• _INSTRUCTIONS FOR THE TASK_
Nothing outside the stretch is wanted. Repeat exactly the lines of the listing below from the one that contains "Water temperature in" through the one that contains "竞争化游戏,揭秘竞争化游戏的魅力与挑战(图3)", both ends included.

• _EXERCISE INPUTS_
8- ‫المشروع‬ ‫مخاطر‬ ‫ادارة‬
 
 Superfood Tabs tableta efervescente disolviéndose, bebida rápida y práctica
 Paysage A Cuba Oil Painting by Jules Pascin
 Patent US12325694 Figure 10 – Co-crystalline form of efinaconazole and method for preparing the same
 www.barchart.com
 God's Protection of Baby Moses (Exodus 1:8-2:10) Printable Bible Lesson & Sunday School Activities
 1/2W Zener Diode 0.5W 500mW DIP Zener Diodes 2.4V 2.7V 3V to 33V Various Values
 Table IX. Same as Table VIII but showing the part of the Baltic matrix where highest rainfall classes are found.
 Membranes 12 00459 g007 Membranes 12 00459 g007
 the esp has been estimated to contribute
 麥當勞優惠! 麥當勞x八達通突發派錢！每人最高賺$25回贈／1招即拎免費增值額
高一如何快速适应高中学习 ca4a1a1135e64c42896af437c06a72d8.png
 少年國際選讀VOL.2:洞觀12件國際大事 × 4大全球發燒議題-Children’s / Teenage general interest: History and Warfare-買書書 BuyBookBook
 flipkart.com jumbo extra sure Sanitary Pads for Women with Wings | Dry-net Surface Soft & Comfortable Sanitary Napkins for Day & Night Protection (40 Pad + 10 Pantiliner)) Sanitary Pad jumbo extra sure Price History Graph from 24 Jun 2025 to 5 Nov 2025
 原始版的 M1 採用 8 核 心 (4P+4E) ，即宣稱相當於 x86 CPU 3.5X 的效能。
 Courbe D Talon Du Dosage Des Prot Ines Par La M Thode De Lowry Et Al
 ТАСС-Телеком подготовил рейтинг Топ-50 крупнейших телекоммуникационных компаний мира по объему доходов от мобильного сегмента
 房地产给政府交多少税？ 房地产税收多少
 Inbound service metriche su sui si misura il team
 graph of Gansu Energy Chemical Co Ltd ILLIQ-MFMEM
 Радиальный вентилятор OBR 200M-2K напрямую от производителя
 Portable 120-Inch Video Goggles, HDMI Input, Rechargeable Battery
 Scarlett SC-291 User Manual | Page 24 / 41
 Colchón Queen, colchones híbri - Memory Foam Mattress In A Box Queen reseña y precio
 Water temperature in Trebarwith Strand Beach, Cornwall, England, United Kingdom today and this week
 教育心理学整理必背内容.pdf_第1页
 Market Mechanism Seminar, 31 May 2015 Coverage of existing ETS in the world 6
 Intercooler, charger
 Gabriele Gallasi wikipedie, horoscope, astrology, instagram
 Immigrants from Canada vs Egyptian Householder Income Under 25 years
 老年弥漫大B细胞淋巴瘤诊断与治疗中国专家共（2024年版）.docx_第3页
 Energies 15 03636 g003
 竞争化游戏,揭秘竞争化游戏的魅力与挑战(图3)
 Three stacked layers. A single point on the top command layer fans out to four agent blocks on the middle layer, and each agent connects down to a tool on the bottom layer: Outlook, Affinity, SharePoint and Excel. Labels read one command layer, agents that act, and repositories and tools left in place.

• _RESPONSE TO THIS TASK_
 Water temperature in Trebarwith Strand Beach, Cornwall, England, United Kingdom today and this week
 教育心理学整理必背内容.pdf_第1页
 Market Mechanism Seminar, 31 May 2015 Coverage of existing ETS in the world 6
 Intercooler, charger
 Gabriele Gallasi wikipedie, horoscope, astrology, instagram
 Immigrants from Canada vs Egyptian Householder Income Under 25 years
 老年弥漫大B细胞淋巴瘤诊断与治疗中国专家共（2024年版）.docx_第3页
 Energies 15 03636 g003
 竞争化游戏,揭秘竞争化游戏的魅力与挑战(图3)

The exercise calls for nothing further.